American Labor and the Cold War: Grassroots Politics and Postwar Political Culture
Robert W. Cherny, Ed. 2004
A collection of essays, looking at the period from 1945-1960. The editor said the central question addressed was, “what kinds of relationships existed among the labor unions of the AFL and CIO, the radical left and the conservative right, business and other interest groups in American communities.” Really, this could be boiled down to: what was the relationship between the American communist party and labor leaders, and did McCarthyism enhance the development or retard the labor movement?
These are interesting questions, in the sense that they suggest there was both a “genuine and principled” communism and anticommunism “in the working class communities of the nation,” and that what went on in front of TV cameras in Congress was in some way related to a grassroots conflict. But even so, they are very narrow questions and I think the detailed narratives and oral histories related here need to be understood as a special case. It might even have been a stretch to imply that these types of things were happening in working class communities across the nation, much less that they represented some type of broad social event that mobilized large groups of regular people.
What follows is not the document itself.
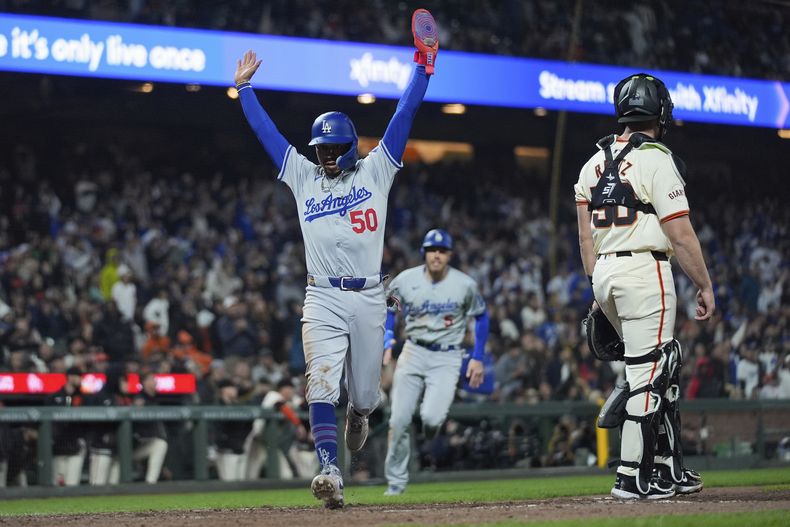 Mookie Betts (50), de los Dodgers de Los Ángels, celebra mientras anota en contra de los Gigantes de San Francisco con doble de Will Smith durante la 10ma entrada del juego de béisbol, el lunes 13 de mayo de 2024, en San Francisco. (AP Foto/Godofredo A. Vásquez)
In the first article, Ellen Schrecker pointed out that most labor leaders who joined the communist party “felt it would help them build a strong labor movement. None of them tried to transform their unions into revolutionary organizations.” If they were indeed focused on building organizations that would be effective in promoting the agenda of actual workers, it stands to reason that they would have become disillusioned with the American Communist Party (CPUSA) after time; since it pretty much failed to deal with the reality of American society in the same way it failed to deal with the reality of the Soviet Union. Schrecker criticized the AFL and CIO for being “so thoroughly co-opted that its leaders provided cover for the CIA, and its conventions endorsed the war in Vietnam.” This is a serious indictment, especially in hindsight. Clearly, the leaders of these unions do seemed to have “enlisted in the Cold War” to some degree; but the framing of the discussion avoided the larger issues. To whom was the labor movement supposed to turn for guidance? The CPUSA was useless. The rank and file were, in many cases, conservative working stiffs who did support the war in Vietnam. Remember “America, Love it or Leave it?”
Gerald Zahavi’s oral histories of Schenectady GE workers were also very interesting. They suggested ethnic and religious dimensions to the working-class encounter with communism that made the picture much richer and more satisfying, while at the same time suggesting that communism was not as central on the streets of company towns in upstate New York as it has become on the pages of some histories. This is the type of thing I’d like to see more of, and I think the book succeeds when it focuses on actual people and lets them tell their own stories. This element of the book was much more successful for me than the outline of labor and church leaders interacting with government and business leaders, which was tedious and didn’t leave me feeling I understood what had really happened.